While this popular stretch of road is home to iconic landmarks, like the Madam Walker building, there’s so much more than what meets the eye.
“What you see today is a footprint that has nothing to do, for the most part, with the past,” said Susan Hall Dotson, African American collections curator with the Indiana Historical Society.
Since the early 1800s, Hall Dotson said Indiana Avenue was considered the mecca of the Black community, despite it being one of the least desirable places to be along the canal.
“When African Americans were coming to Indianapolis and settling in this part of Indiana, they lived in a number of places, but that seemed to be the place where Blacks started to migrate to,” she said. “Even though there were other smaller Black communities within Indianapolis, that was the largest and one of the oldest.”
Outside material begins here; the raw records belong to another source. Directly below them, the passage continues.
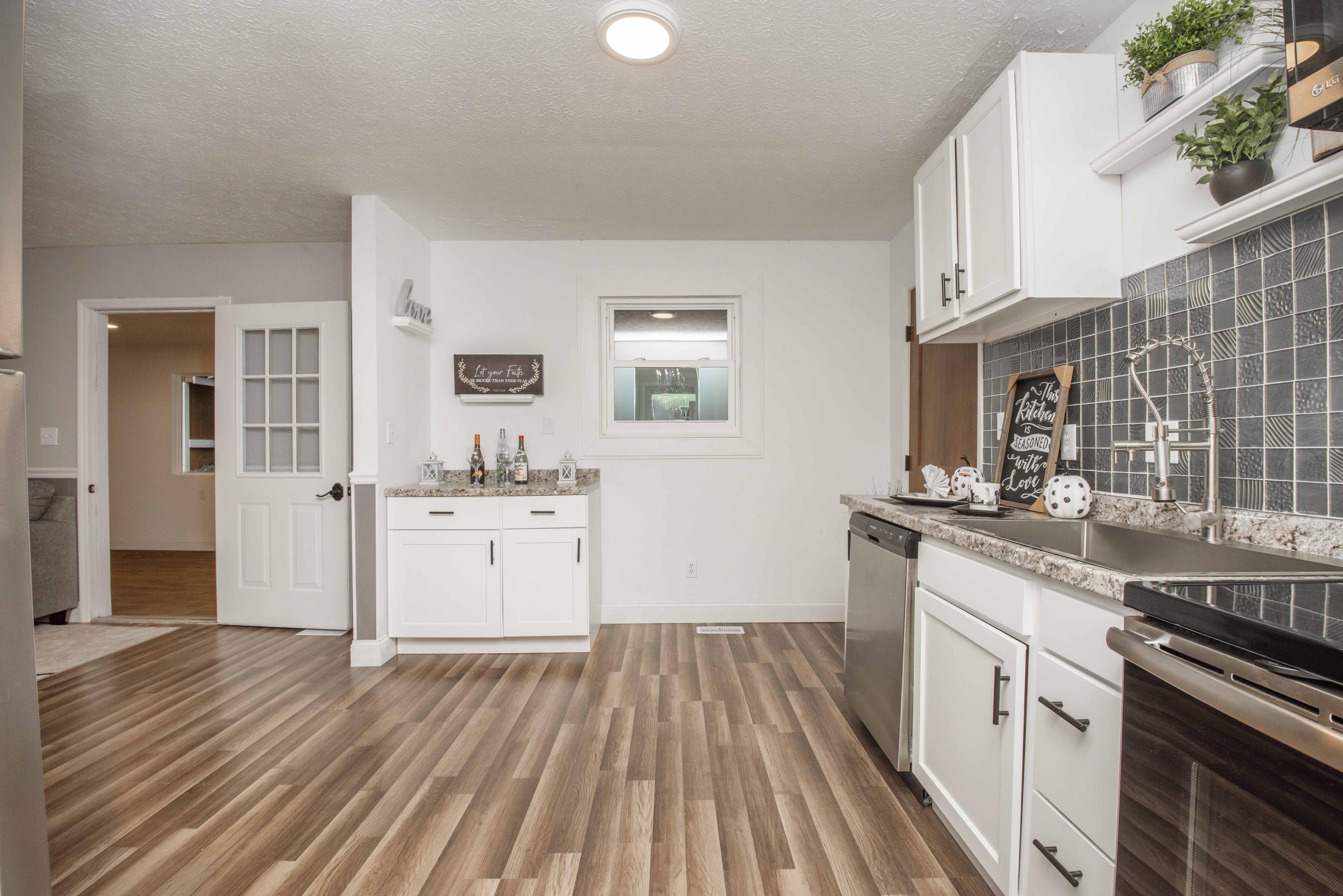 109 Timbercrest Drive Oak Ridge, TN 37830 - Photo 11 of 40 Kitchen
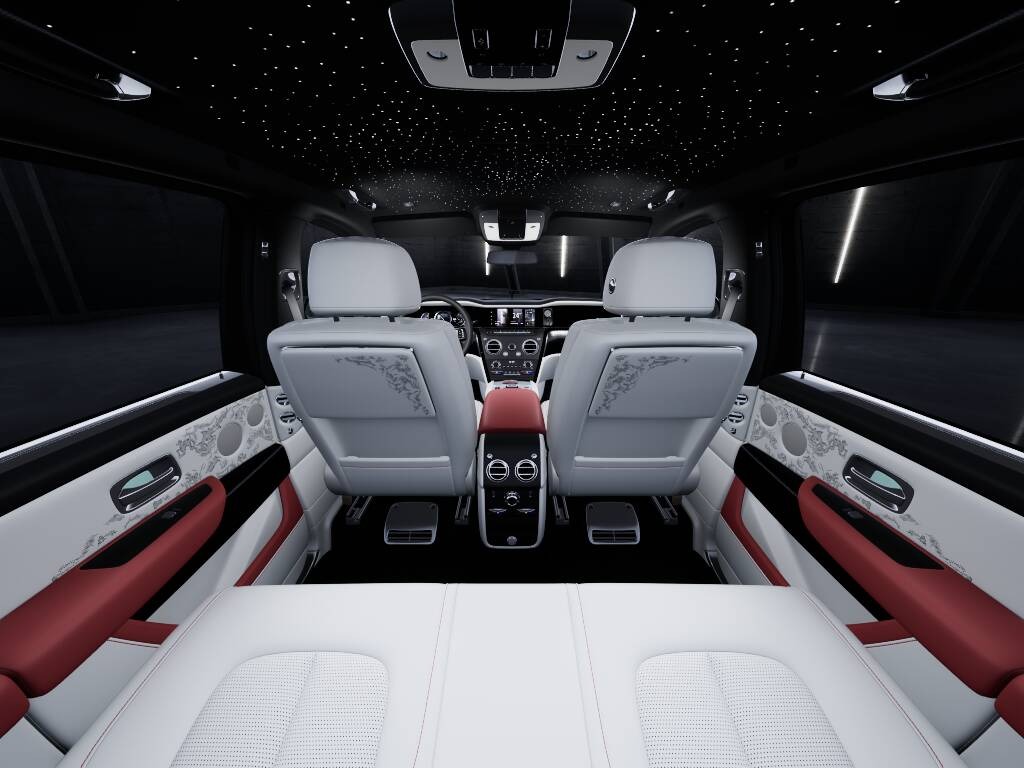 2027 Rolls-Royce Cullinan Image 14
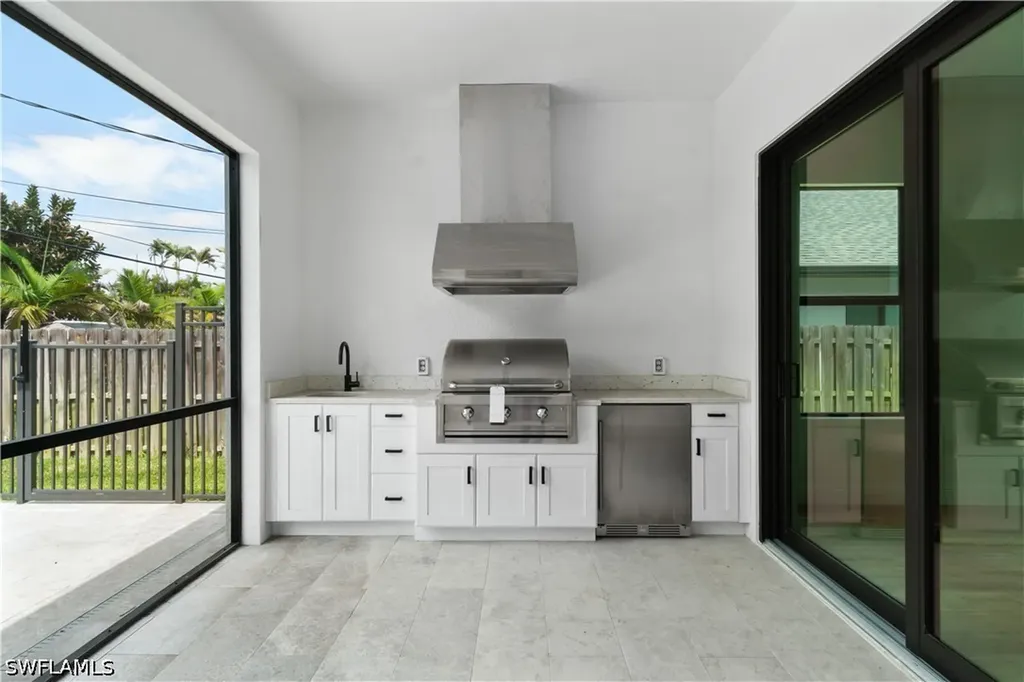 837 91st Avenue N Naples FL 34108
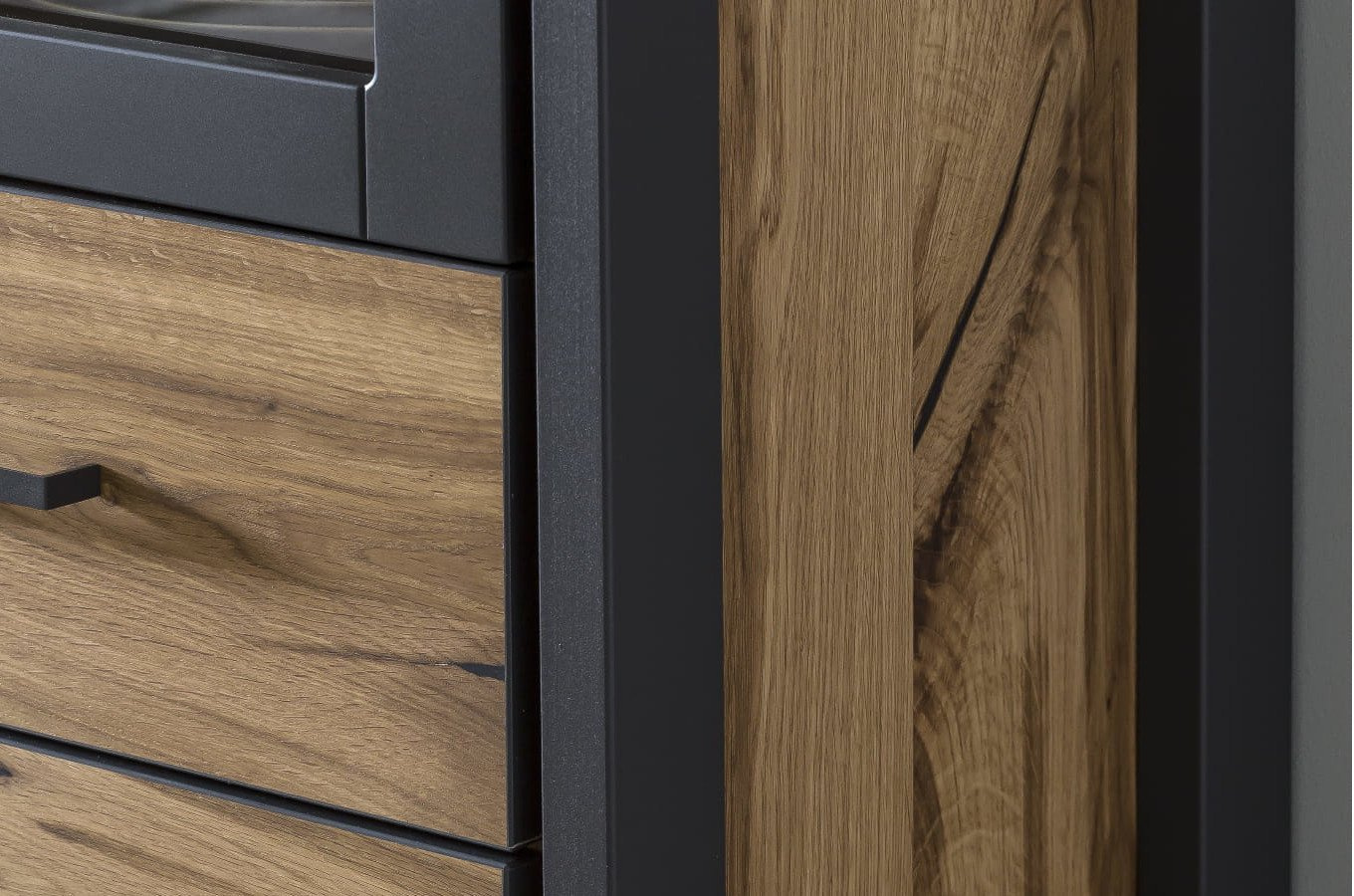 Nowoczesna dębowa witryna ze szklanymi drzwiami TURID 2S4D / szer. 97,5 cm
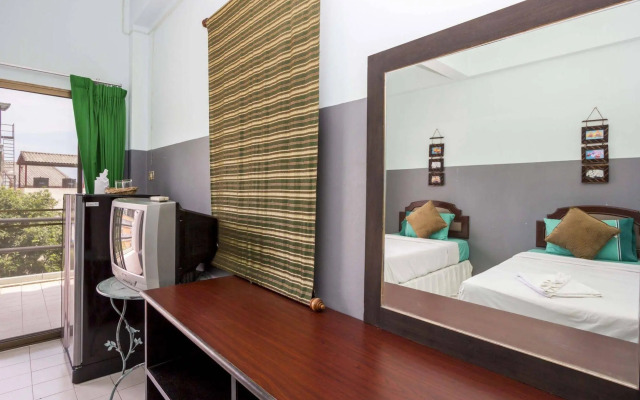 Baan Lukkan Hostel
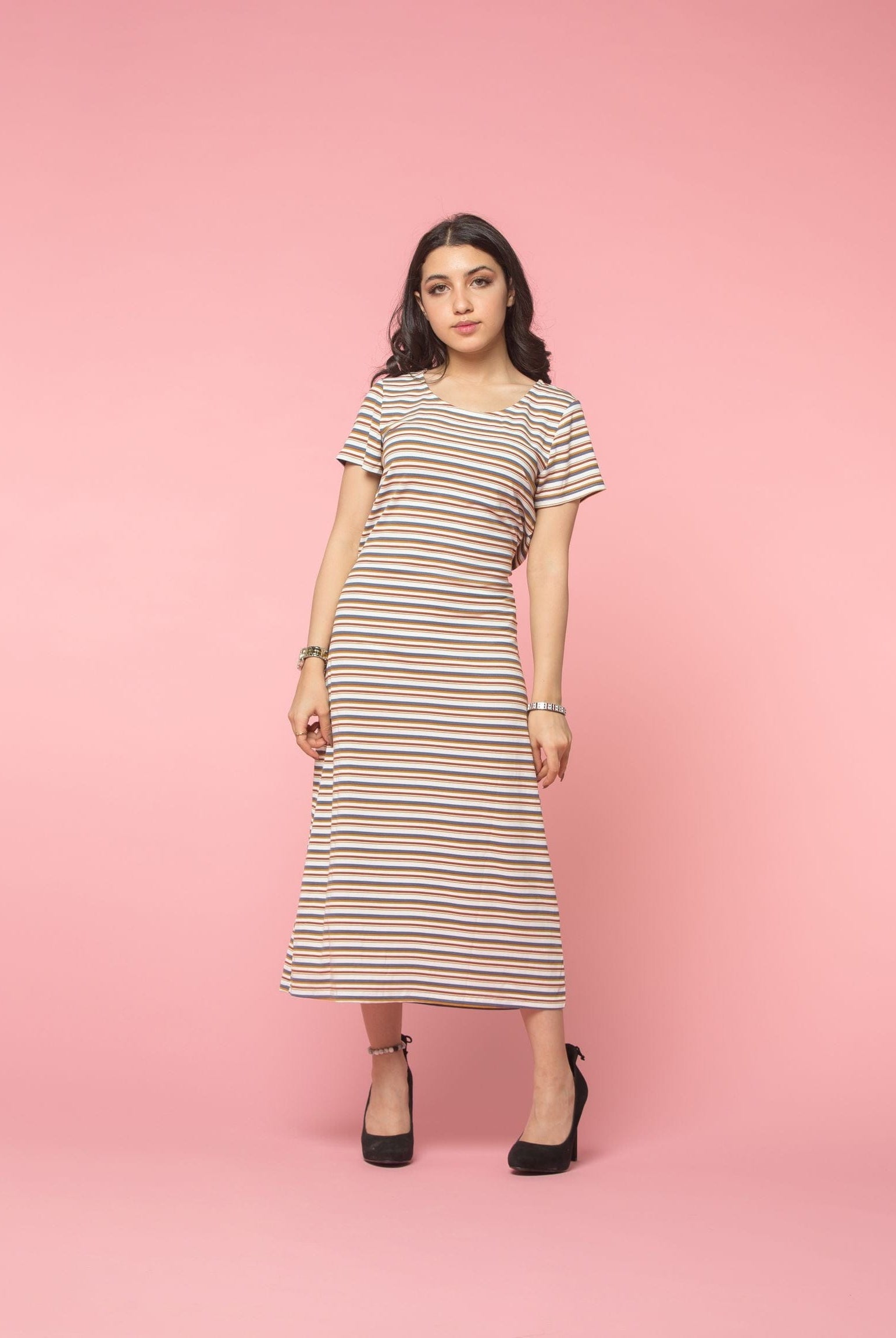 نتشي فستان ميدي مخطط بالعرض بأكمام قصيرة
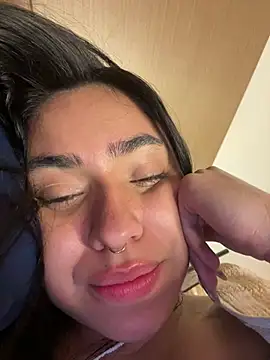 cherry_bunnyx's Live XXX Chat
“There were early Irish and German immigrants there first,” she said, “and as they moved to better conditions and higher ground if you will, African Americans came.”
Indiana Avenue would become its own neighborhood for Black people, along with its surrounding streets. Hall Dotson said the area consisted of Black businesses, homes and entertainment, making for a vibrant and thriving community within itself.
“It’s not just relegated to one street, it’s surrounding streets. Vermont, California, West Street,” she said, “and that’s where people lived. They worked. They played. It was full of commerce, entertainment, culture, families, education. All were happening within the neighborhood that surrounds this long street of Indiana Avenue.”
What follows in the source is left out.